Peter Zwack – 10.29.18
This year’s edition of Russia’s giant annual joint exercise—Vostok (East) 2018—was notable for its sizable Chinese and small Mongolian contingent, and for its multi-theater strategic scope. Previous Chinese participation in Russian wargames were small-scale affairs, held under the rubric of the Shanghai Cooperation Organization or show-the-flag combined naval exercises in the Baltic, Mediterranean, and South China Seas. But September’s event saw a 3,200-troop Chinese contingent join a reported 297,000 Russians pulled from the Eastern and Central Military Districts and elsewhere for training on the Tsugol range near Chita in eastern Siberia’s Trans-Baikal region. (For an excellent, detailed look at Vostok 2018, see CNA Senior Research Scientist Michael Kofman’s blog posts on the exercise.)

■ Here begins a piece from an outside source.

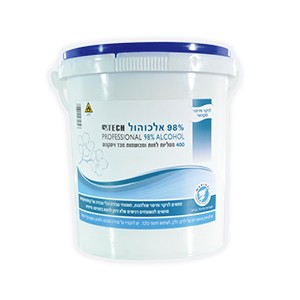 מטליות לחות עם 70% אלכוהול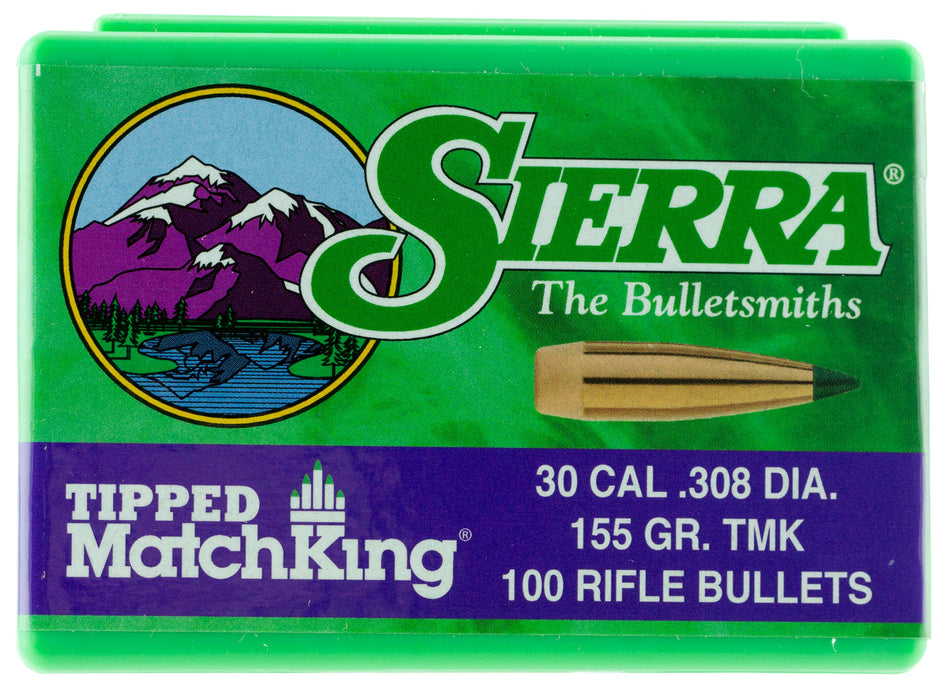 Sierra 7755 Tipped MatchKing  30 Cal .308 155 gr Tipped MatchKing/ 100 Per Box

Now, a month after the exercise’s dust has settled, these new twists invite a few questions:
- Was it a real effort to move beyond basic military-to-military cooperation toward actual interoperability?
- Were the Russians and Chinese troops combining tactics, techniques and procedures; honing command and control; and even sharing basic combat intelligence?
- And most of all, are these massive, well-publicized annual events also designed to psychologically mobilize Russian society to prepare for the possibility of general war with the West, which the Russian government publicly portrays as its most likely existential threat?